Single by Manu Chao

from the album Próxima Estación: Esperanza
- B-side: "Mr. Bobby" (Politik Kills); "Mr. Bobby" (Wyskyfacile);
- Released: 9 September 2002
- Genre: Reggae
- Length: 3:49
- Label: Virgin
- Songwriter: Manu Chao
- Producers: Manu Chao; Renaud Letang;

Manu Chao singles chronology
| "Me Gustas Tú" (2002) | "Mr. Bobby" (2002) | "Rainin in Paradize" (2007) |

= Mr. Bobby =

2002 song by Manu Chao

"Mr. Bobby" is the last single from Manu Chao's second album, Próxima Estación: Esperanza. Originally, the song was released in a stripped-down form without any wind instruments on the "Bongo Bong" single in 1998. The album version is built on the same backing track as "Bongo Bong" and "Homens"; in the short documentary film Infinita tristeza, included in the bonus section of Chao's 2002 live DVD Babylonia en Guagua, Chao stated that the backing track was originally recorded for "Homens".

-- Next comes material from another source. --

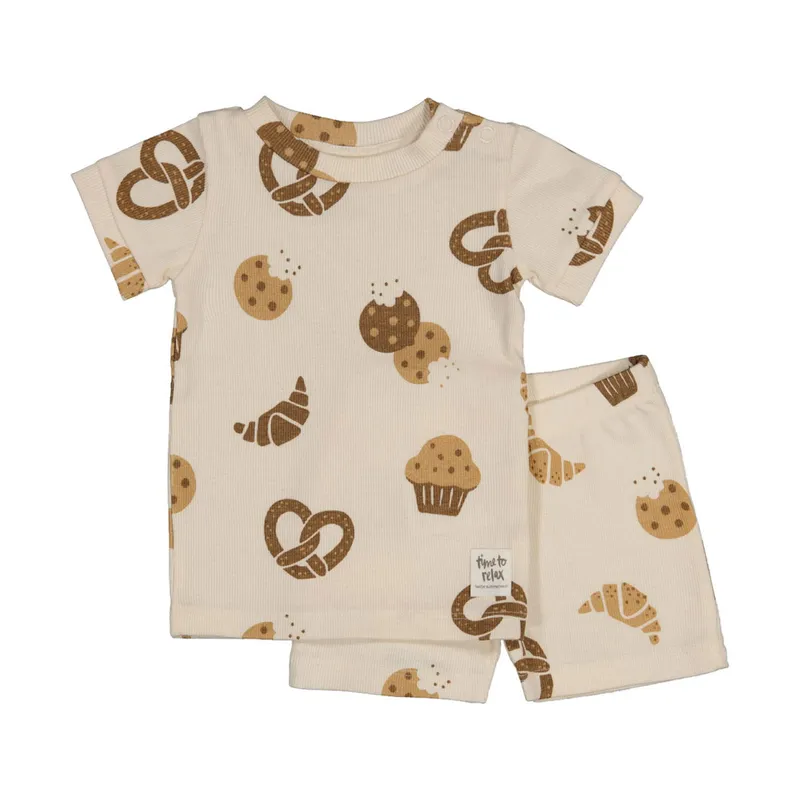 Feetje Premium Summerwear Shortama - Cosy Crumbs - Gr. 122 - Offwhite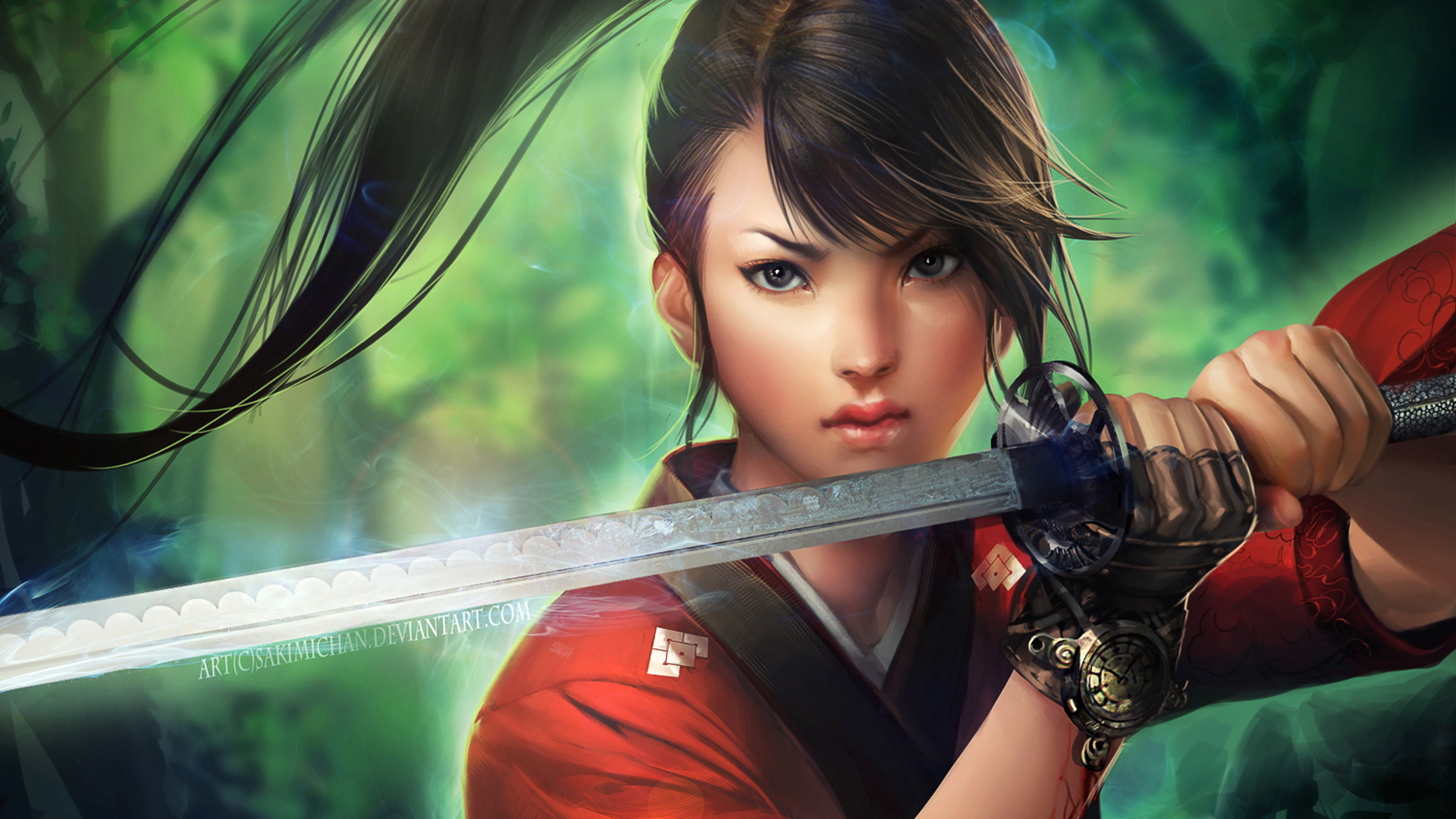 Download Sword Fantasy Women Warrior HD Wallpaper by Sakimichan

The song, which is a tribute to reggae legend Bob Marley, had success in European countries such as Spain, Italy and Switzerland. During live performances, Manu Chao's band performs the "Politik Kills" version as it is more reggae-influenced than the album version (which has the same backing track as "Bongo Bong").

==Track listing==
1. "Mr. Bobby" (Politik Kills)
2. "Mr. Bobby" (Wyskyfacile)
3. "Mr. Bobby"

==Music video==
A music video directed by Run Wrake was produced for the song. Like most of Manu Chao's videos at the time, it is mostly animated except for the singer.

==Charts==

| Chart (2002) | Peak position |
|---|---|
| Belgium (Ultratip Bubbling Under Flanders) | 17 |
| France (SNEP) | 86 |
| Italy (FIMI) | 16 |
| Spain (Promusicae) | 15 |
| Switzerland (Schweizer Hitparade) | 60 |

==B.o.B cover==
American musician B.o.B recorded a cover of the song, with original lyrics, which can be found on his fifth mixtape, B.o.B vs. Bobby Ray (2009).